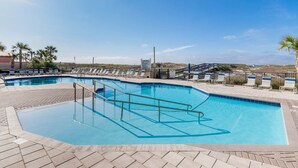 Une piscine avec un plongeoir, des chaises longues et une terrasse dallée.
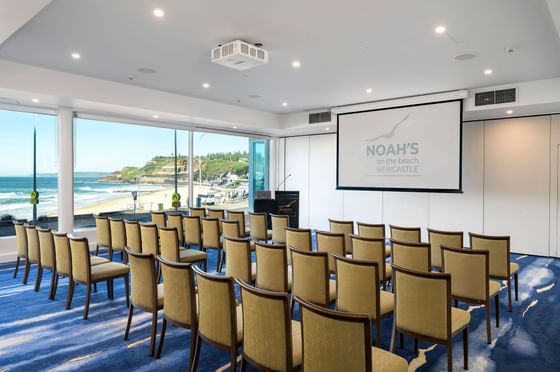 Pacific West or Private Dining Room at Noah's On the Beach, featuring rows of chairs, a projector screen, and ocean views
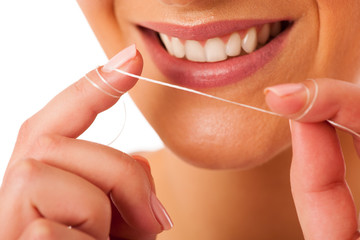 Woman cleaning teeth with dental floss for perfect hygiene and h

**WORK TO COMPLETE**
Please copy out each line above exactly as written, but not the pictures.

**WRITTEN ANSWER**
 Une piscine avec un plongeoir, des chaises longues et une terrasse dallée.
 Pacific West or Private Dining Room at Noah's On the Beach, featuring rows of chairs, a projector screen, and ocean views
 Woman cleaning teeth with dental floss for perfect hygiene and h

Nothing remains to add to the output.